An acceptable answer repeats exactly the line containing "Figure 2 for" and all lines that follow it in the listing below, and it includes no pictures.
Segment Start: Data excerpt
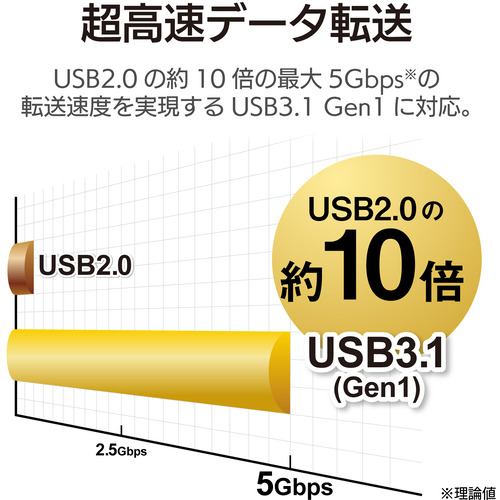 エレコム DST-C08SV USB Type-C接続ドッキングステーション(PD対応) SV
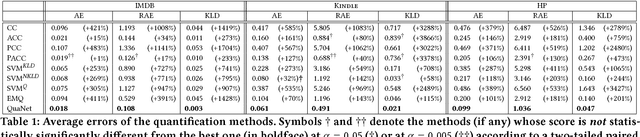 Figure 2 for A Recurrent Neural Network for Sentiment Quantification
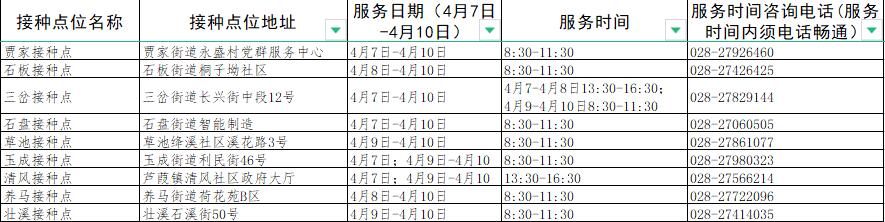 成都接种新冠疫苗有哪些地方,成都新冠疫苗接种地点最新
Segment End: Data excerpt
Exercise response:
 Figure 2 for A Recurrent Neural Network for Sentiment Quantification
 成都接种新冠疫苗有哪些地方,成都新冠疫苗接种地点最新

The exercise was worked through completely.